Metamath Proof Explorer

Theorem gsumvallem2

Description: Lemma for properties of the set of identities of G . The set of identities of a monoid is exactly the unique identity element. (Contributed by Mario Carneiro, 7-Dec-2014)

Ref Expression
Hypotheses gsumvallem2.b 
|- B = ( Base ` G )
gsumvallem2.z 
|- .0. = ( 0g ` G )
gsumvallem2.p 
|- .+ = ( +g ` G )
gsumvallem2.o 
|- O = { x e. B | A. y e. B ( ( x .+ y ) = y /\ ( y .+ x ) = y ) }
Assertion gsumvallem2 
|- ( G e. Mnd -> O = { .0. } )

Proof

Step Hyp Ref Expression
1 gsumvallem2.b 
 |-  B = ( Base ` G )
2 gsumvallem2.z 
 |-  .0. = ( 0g ` G )
3 gsumvallem2.p 
 |-  .+ = ( +g ` G )
4 gsumvallem2.o 
 |-  O = { x e. B | A. y e. B ( ( x .+ y ) = y /\ ( y .+ x ) = y ) }
5 1 2 3 4 mgmidsssn0 
 |-  ( G e. Mnd -> O C_ { .0. } )
6 1 2 mndidcl 
 |-  ( G e. Mnd -> .0. e. B )
7 1 3 2 mndlrid 
 |-  ( ( G e. Mnd /\ y e. B ) -> ( ( .0. .+ y ) = y /\ ( y .+ .0. ) = y ) )
8 7 ralrimiva 
 |-  ( G e. Mnd -> A. y e. B ( ( .0. .+ y ) = y /\ ( y .+ .0. ) = y ) )
9 oveq1 
 |-  ( x = .0. -> ( x .+ y ) = ( .0. .+ y ) )
10 9 eqeq1d 
 |-  ( x = .0. -> ( ( x .+ y ) = y <-> ( .0. .+ y ) = y ) )
11 10 ovanraleqv 
 |-  ( x = .0. -> ( A. y e.
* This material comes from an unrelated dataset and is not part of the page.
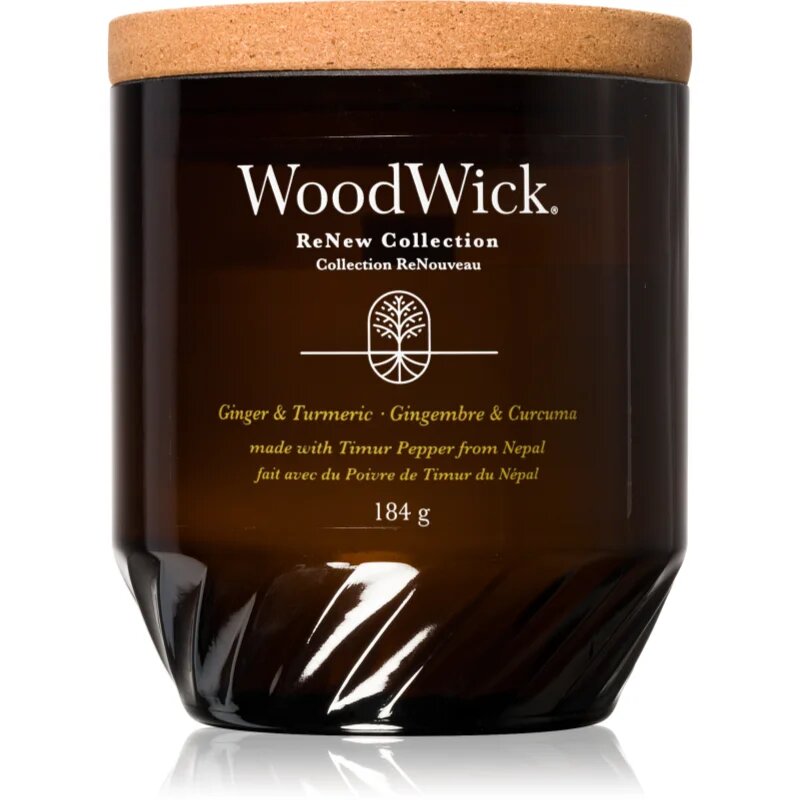 Woodwick Ginger & Turmeric dišeča sveča z lesenim stenjem 184 g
B ( ( x .+ y ) = y /\ ( y .+ x ) = y ) <-> A. y e. B ( ( .0. .+ y ) = y /\ ( y .+ .0. ) = y ) ) )
12 11 4 elrab2 
 |-  ( .0. e. O <-> ( .0. e. B /\ A. y e. B ( ( .0. .+ y ) = y /\ ( y .+ .0. ) = y ) ) )
13 6 8 12 sylanbrc 
 |-  ( G e. Mnd -> .0. e. O )
14 13 snssd 
 |-  ( G e. Mnd -> { .0. } C_ O )
15 5 14 eqssd 
 |-  ( G e. Mnd -> O = { .0. } )